So what will happen is it'll force them to exit and then your real private equity asset strippers will come in and milk it for all it's worth or it'll go to a telecoms company like Virgin Media who'll just sell it as yet another thing and their project roadmap will have to be split between their fibre network, their business customers, their ISP, their phone service, their gov contracts and oh year, the mobile business too. Where's the new fibre rollout they promised to new areas? Nowhere, hasn't happened.

BT has been criticised for ignoring areas, the pair of them have been acting against the interests of consumers eg: BT rolling out areas where Virgin had fibre already first, yet BT is allowed to swallow up EE and add to their already huge dominance.

Three has invested in growing that UK business for little return, they have innovated and pushed in areas like mobile broadband, unlimited data, and elsewhere, for the smallest operator they push 42% of the UK's mobile data, which is the largest amount of any of the networks.

They didn't have the budget that the combined O2 / VF had for 4G, or EE because of the smaller customer base, that's one of the issues, it is hard to compete in the UK being the smallest provider with 9M customers.
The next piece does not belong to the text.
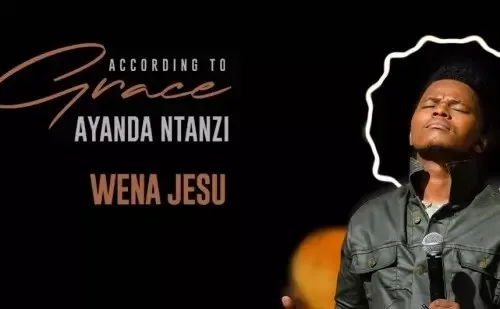 Ayanda Ntanzi – Wena Jesu (Live)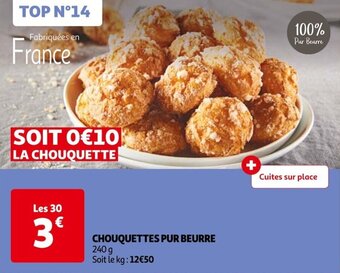 Auchan CHOUQUETTES PUR BEURRE offre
That's exactly why they want this merger / sale, because if this doesn't happen then in today's market with limited smartphone growth and margins squeezed it just isn't worth being in the market as a standalone 9M telecoms business, no wonder they didn't put the money YOU wanted them to put into 4G.

This year they'll make a pretax £300M profit, they invested £500M in 4G, if they had invested the £1BN that O2 & Vodafone did, then they would have made a loss of £200M. All this will be put before the people making the decision about the merger and hopefully they will see sense if they want to secure the future and set a fair competition platform for all.

How it can be OK for a massive group like BT to consume a huge mobile operator, but not for the UK's smallest network to be absorbed goodness knows. When you look at it from Three and O2's point of view they do have a valid case, you need scale.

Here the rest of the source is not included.